→ Supplied records:

================================

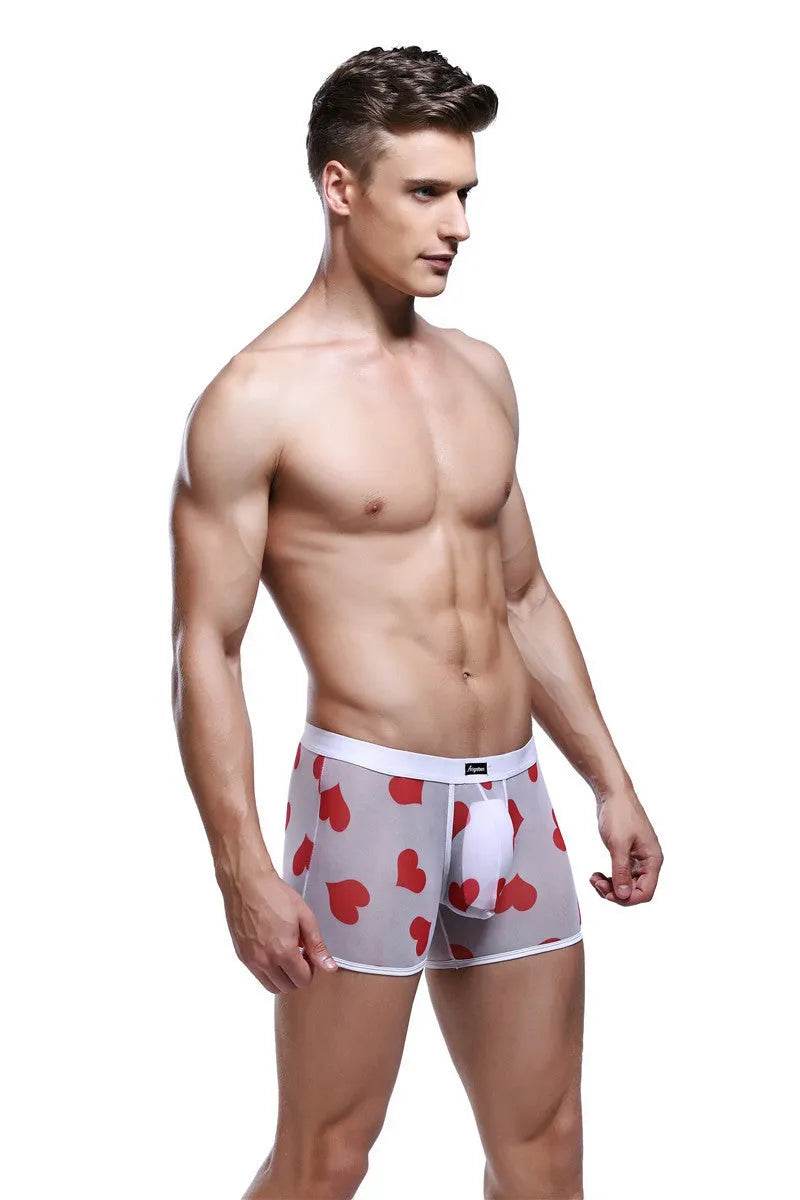 Spandex Mesh Printed Pouch boxer briefs underwear men - Evolve Supply Co. Evolve Supply Co.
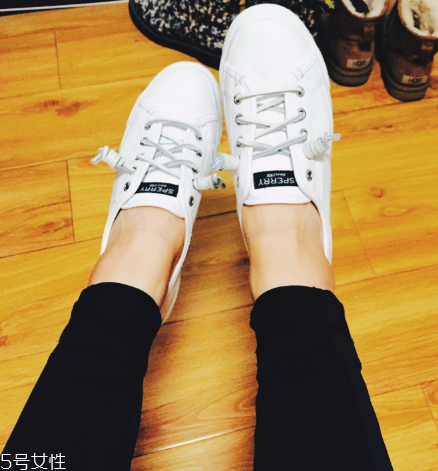 sperry鞋子多少錢？sperry鞋子的價位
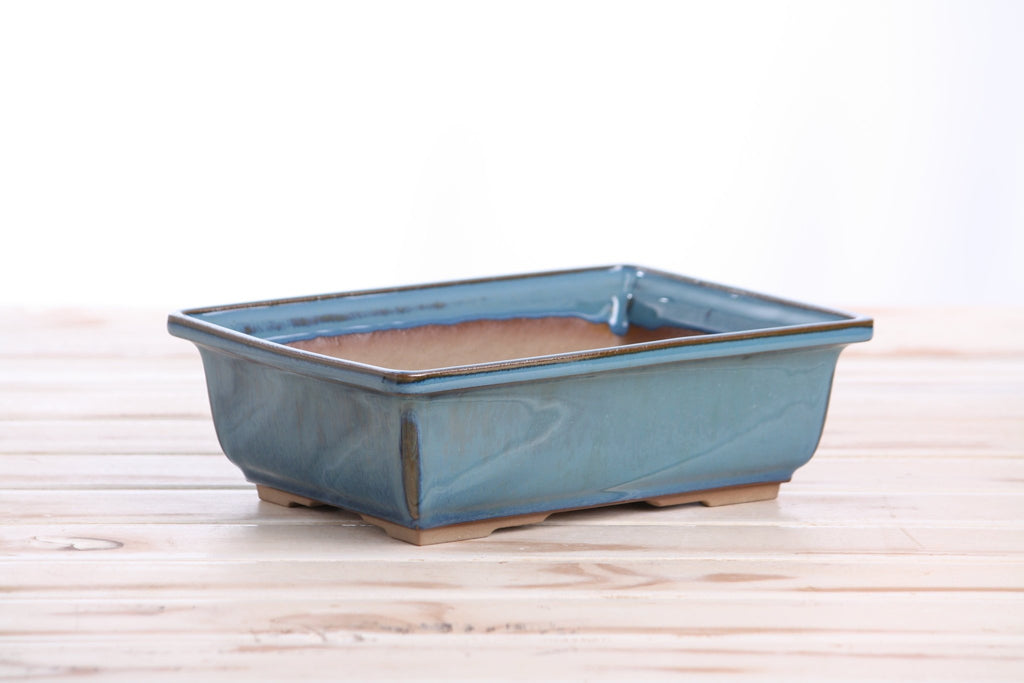 Willow Bonsai Ceramics Rectangle Bonsai Pot 8 Inch – Lower‑Profile Rectangular Ceramic Bonsai & Succulent Planter with Accentuated Rim, High‑Fired Frost‑Proof Stoneware, Handmade in USA (Peacock) - Che Cose Belle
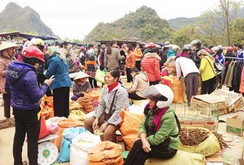 Lai Châu đắt đỏ hơn Hà Nội
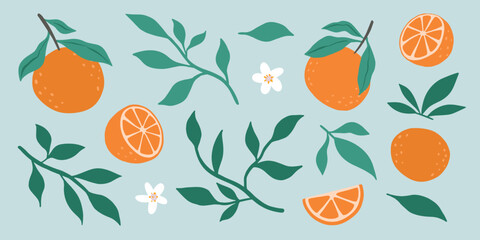 Fresh juicy orange fruit flowers and leaves isolated on a green background. Colorful half and whole orange with a leaf. Perfect for juice or jam. Vector illustration.
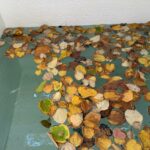 Renowacja zbiorników wodnych - Ogród Botaniczny Uniwersytetu Warszawskiego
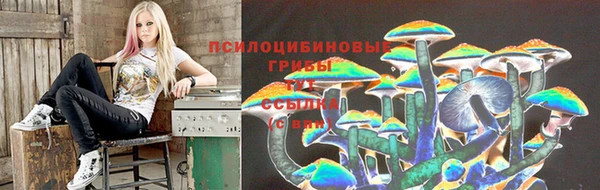 MDMA Premium VHQ Волоколамск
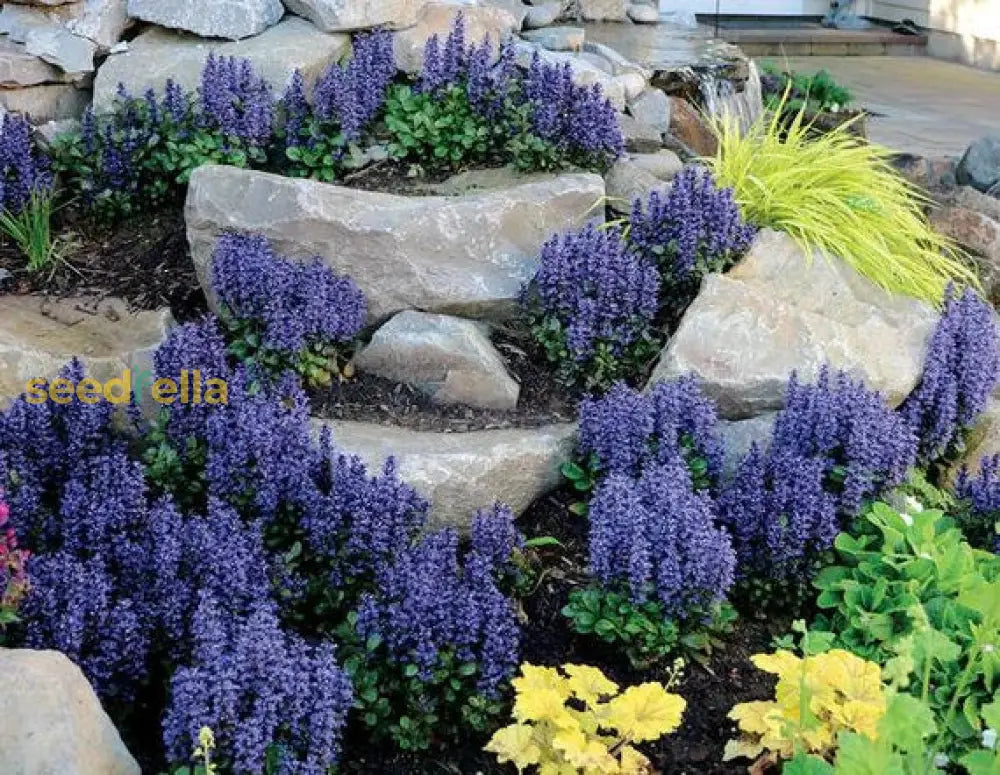 Ajuga Reptans Flower Seeds Collection For Easy Planting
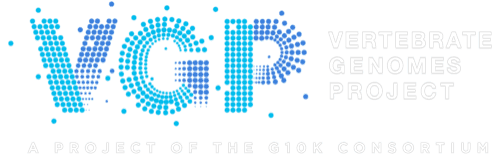 VGP logo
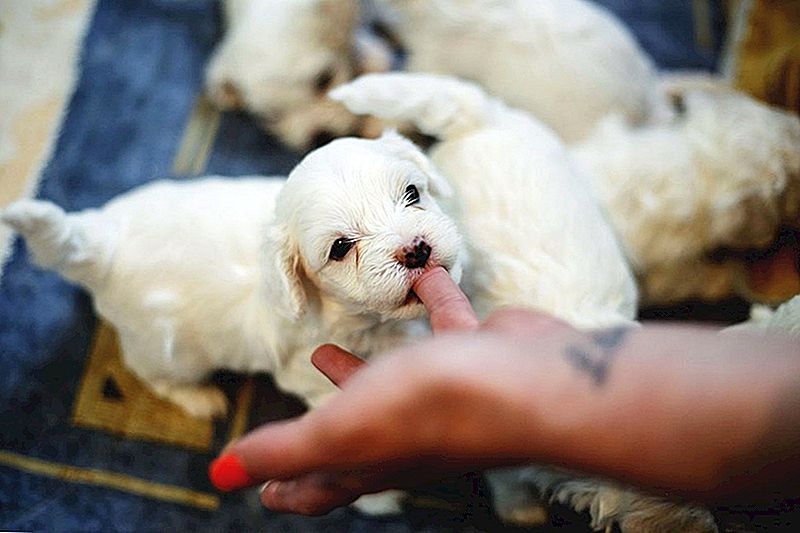 Nejlepší zdravé plemena psů: Přijměte jednu z těchto šetření na budoucí účty pro veterináře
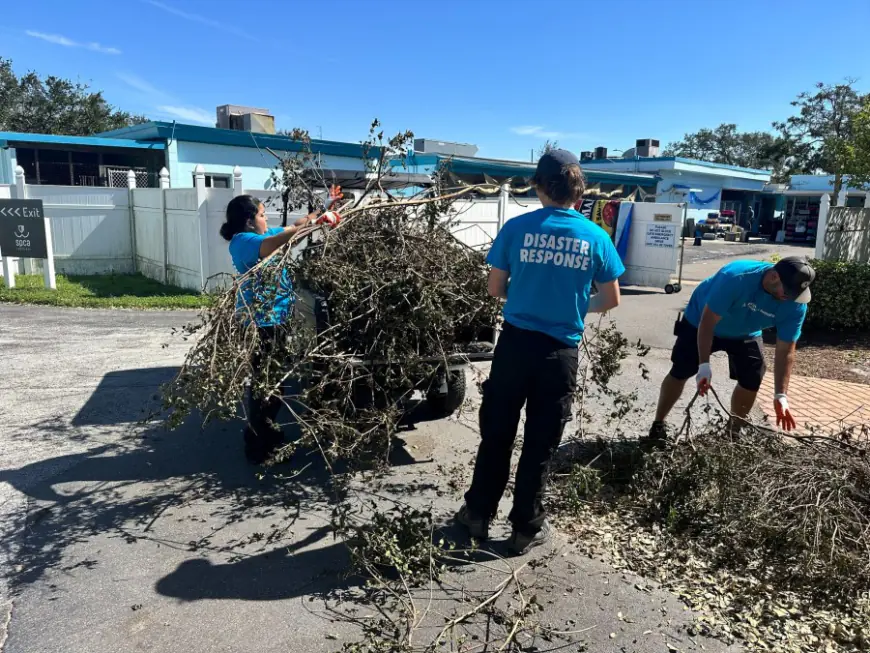 Marin Humane staff travel to storm-battered Tampa Bay for cleanup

================================

→ Problem to work on: Restate the data above word for word, omitting every picture.

→ Answer for the task:
 Spandex Mesh Printed Pouch boxer briefs underwear men - Evolve Supply Co. Evolve Supply Co.
 sperry鞋子多少錢？sperry鞋子的價位
 Willow Bonsai Ceramics Rectangle Bonsai Pot 8 Inch – Lower‑Profile Rectangular Ceramic Bonsai & Succulent Planter with Accentuated Rim, High‑Fired Frost‑Proof Stoneware, Handmade in USA (Peacock) - Che Cose Belle
 Lai Châu đắt đỏ hơn Hà Nội
 Fresh juicy orange fruit flowers and leaves isolated on a green background. Colorful half and whole orange with a leaf. Perfect for juice or jam. Vector illustration.
 Renowacja zbiorników wodnych - Ogród Botaniczny Uniwersytetu Warszawskiego
 MDMA Premium VHQ Волоколамск
 Ajuga Reptans Flower Seeds Collection For Easy Planting
 VGP logo
 Nejlepší zdravé plemena psů: Přijměte jednu z těchto šetření na budoucí účty pro veterináře
 Marin Humane staff travel to storm-battered Tampa Bay for cleanup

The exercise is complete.